In these books the domestic dimension is amplified. To turn a book – an everyday object – into a work of art is to give aesthetic dignity to the intimate realm. Gomes is not looking for monumentality; she is looking for presence. Each line, each cut, each blank space is a way of inhabiting the world and marking time with her own hand. In this sense, the books are scattered self-portraits: fragments of an autobiography made of gestures – or, more precisely, words turned into gestures.

the disobedience of form

If there is an idea that is present in Gomes’s practice, it is the disobedience of form. Nothing adheres to a rigid script. Her sculptures arise from fortuitous encounters between materials; the volumes gain shape through improvisation. Here, this principle is conveyed in the freedom of her lines and the daring of her cuts. The thread cuts across columns, circles around paragraphs, breaks up sentences – not to destroy, but to open up passages. The disobedience is also cultural: by intervening in a childhood compendium, the artist challenges hierarchies between erudite and popular, writing and orality, forging a dialogue between book and textile, story and song, paper and body.

the layers of the imagination

Each volume of the Encyclopaedia of Fantasy modified by Gomes is an exercise in metamorphosis. In some pages, linear ornaments interweave with the text, like ivy; in others, cuts serve as windows, showing other layers underneath and producing suspensions of meaning. There are also blank spaces that let the air in, in contrast with the chromatic exuberance of other parts. Linear sequence gives way to drifting; we wander between fragments and rhythms. The book, which before promised a linear reading, becomes a field for exploration.

writing as a thread

If there is a writing in Sonia Gomes, it is made of threads. In her sculptures, the thread sews and fastens; in the books, it is a drawing that connects and reorganises. By drawing on paper, the artist is inscribing an illegible but significant writing: the writing of the body, which obeys the logic of impulse and rhythm. The thread runs through the printed text, breaking and reorienting it – and in that gesture it inscribes another narrative.

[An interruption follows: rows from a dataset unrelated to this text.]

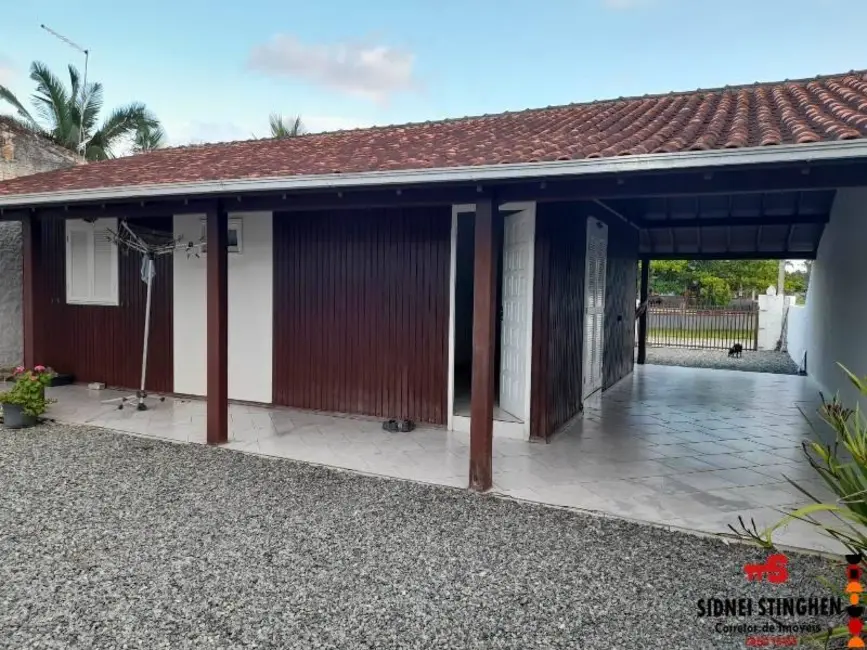 Foto 3 de Casa com 3 quartos à venda, 160m2 em Balneario Barra Do Sul - SC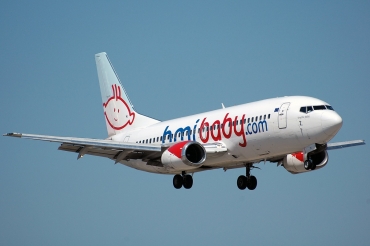 G-TOYI (28054) 1998 Boeing 737-3Q8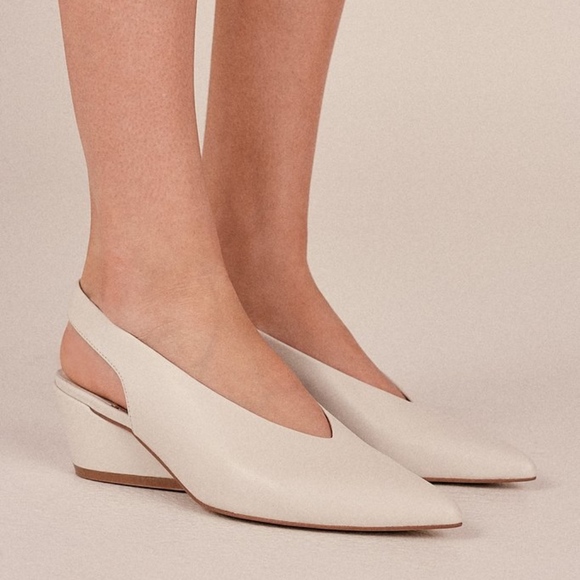 Jaggar The Label Shoes - Jaggar The Label Aim Leather Slingback In Ivory
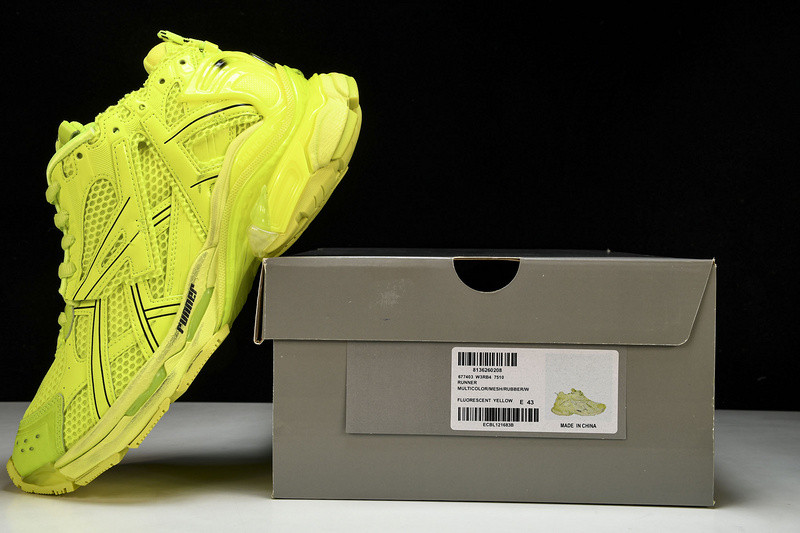 Balenciaga Runner W3RB4 7510
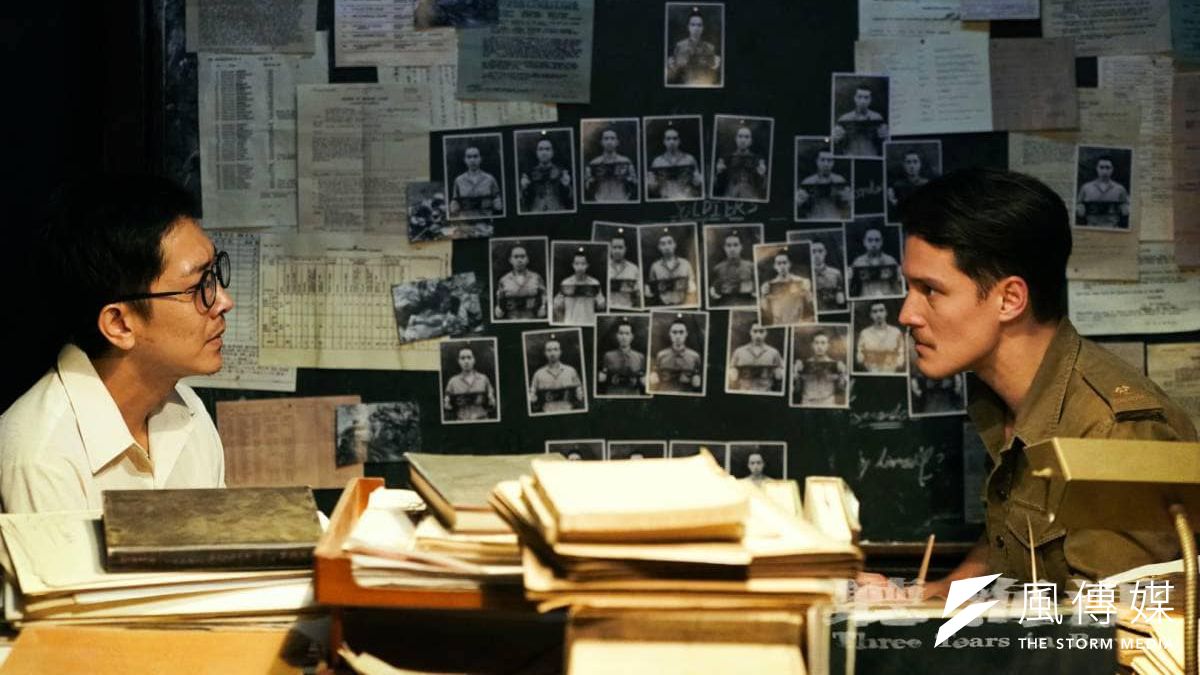 戰爭期間被派駐到動盪的北婆羅洲的羅進福(左施名帥飾)與澳洲軍事檢察官(右周厚安飾)日本在戰俘營的暴行。(聽海湧臉書粉絲頁) 戰爭期間被派駐到動盪的北婆羅洲的羅進福(左施名帥飾)與澳洲軍事檢察官(右周厚安飾)日本在戰俘營的暴行。(聽海湧臉書粉絲頁)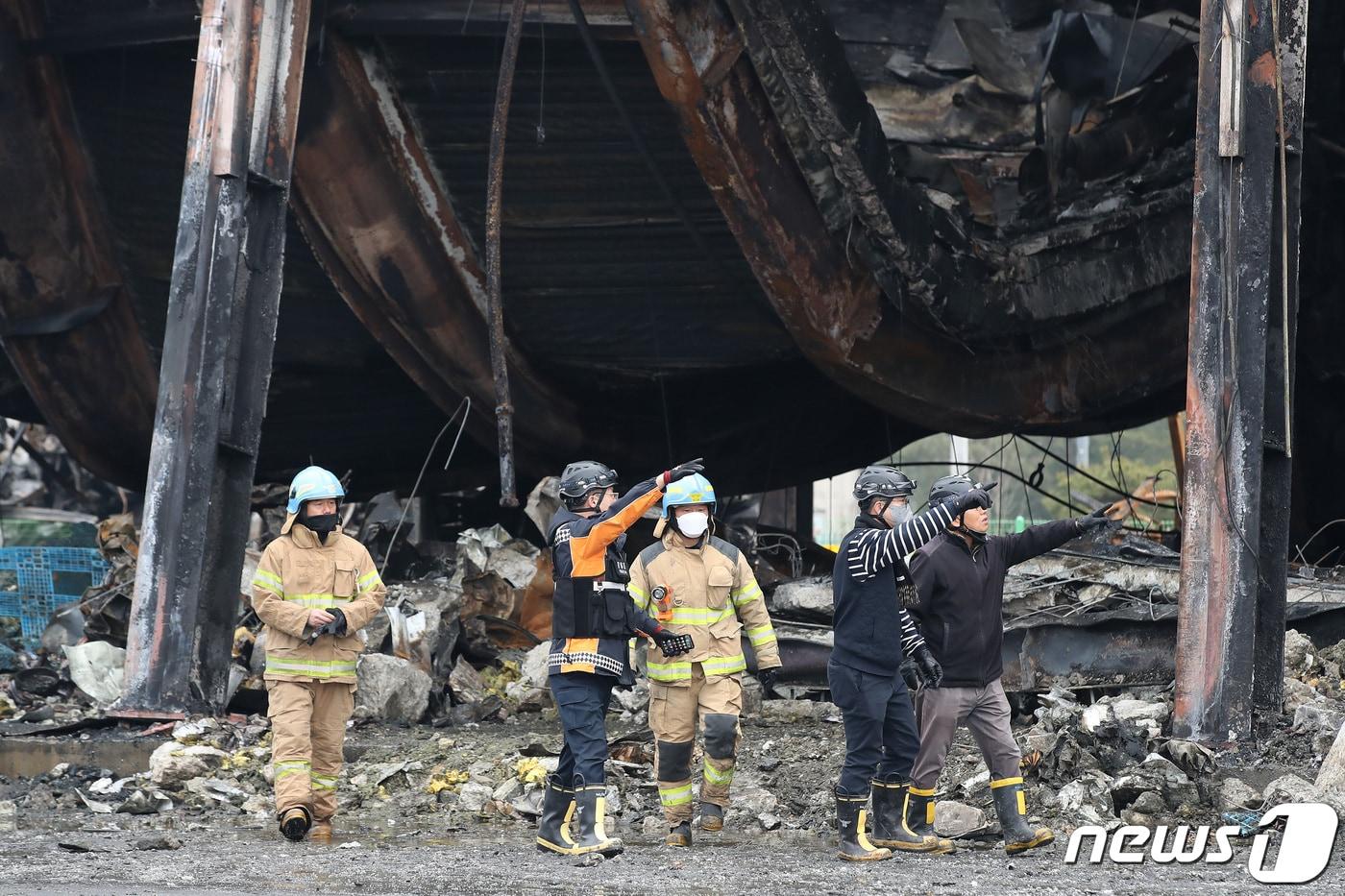 지난 1일 경북 문경시 신기동 육가공업체 공장 화재 현장에서 건축구조기술사와 소방 관계자가 건물 추가 붕괴 가능성 등에 대해 조사를 벌이고 있다. 2024.2.1/뉴스1 ⓒ News1 공정식 기자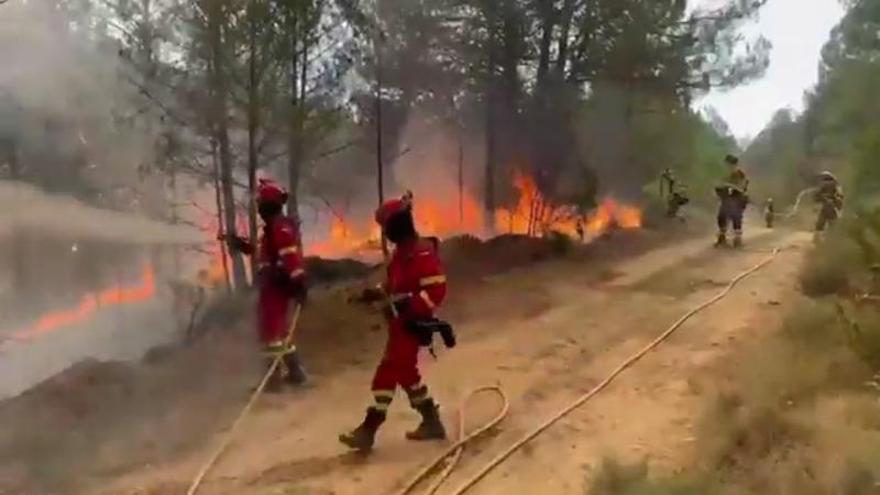 Miembros de INFOAR y de la UME trabajan de la mano frente al incendio de Las Peñas de Riglos en las inmediaciones de Ena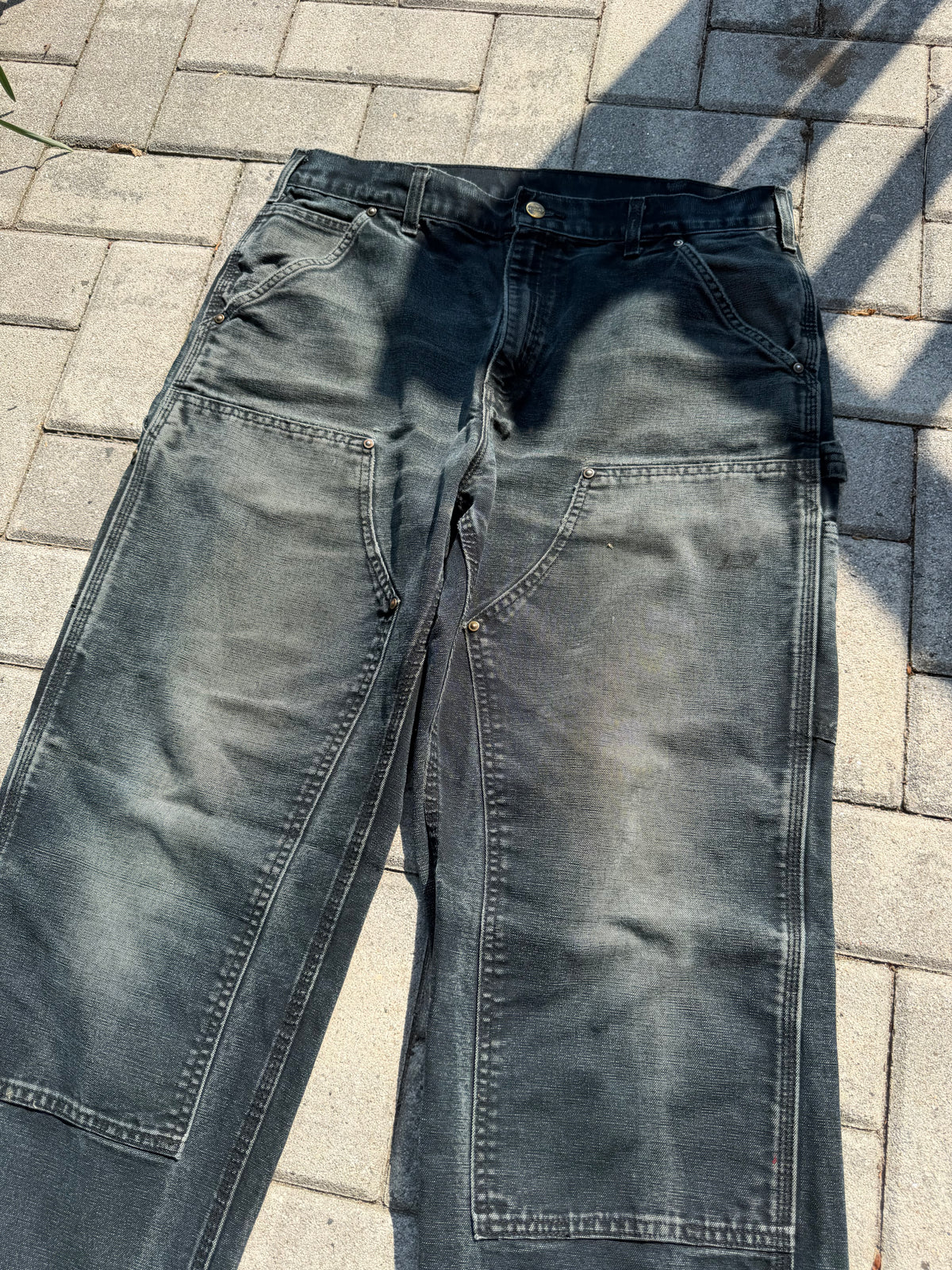 Faded and Thrashed Black Double Knee | 34x30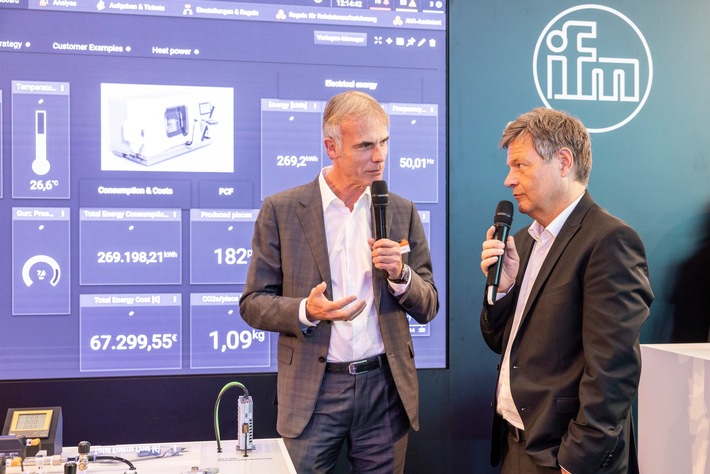 Wirtschaftsminister Robert Habeck besucht ifm-Messestand in Hannover; Pressemitteilung der ifm electronic gmbh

This writing is also a form of care. In her sculpture, the sewing rearranges what has been torn. In the books, drawing and cutting perform a similar role: they open wounds and then close them up symbolically; both revealing and caring for them. Incisions and trajectories become visible scars – not camouflaged but celebrated as places of beauty. In this inversion lies a profound force: the transformation of harm into aesthetic and ethical possibility.

enchantment and resistance

Originally, Encyclopaedia of Fantasy was a repository of tales of escape. In the hands of Sonia Gomes, enchantment becomes a form of resistance. Fantasy is not escape; it is reinvention. The pages do not distance us from the world; they give it back to us, multiplied and unfinished. By reenchanting the book, the artist revives the idea of art as a space for reparation and communion. The books she modified are meeting points between past and present, Brazil and the world, feminine and collective, dream and memory – a poetics of connection. The line that connects – whether it is a thread in a sculpture or a line in a book – is the same one that symbolically keeps the world united.

In the end, what remains is the image of the open page as a beating heart: book-object, text-body, thread that guides reading and care. These six volumes show how Gomes translates a textile grammar into an artist’s book, reconfiguring childhood as a space of invention and reparation.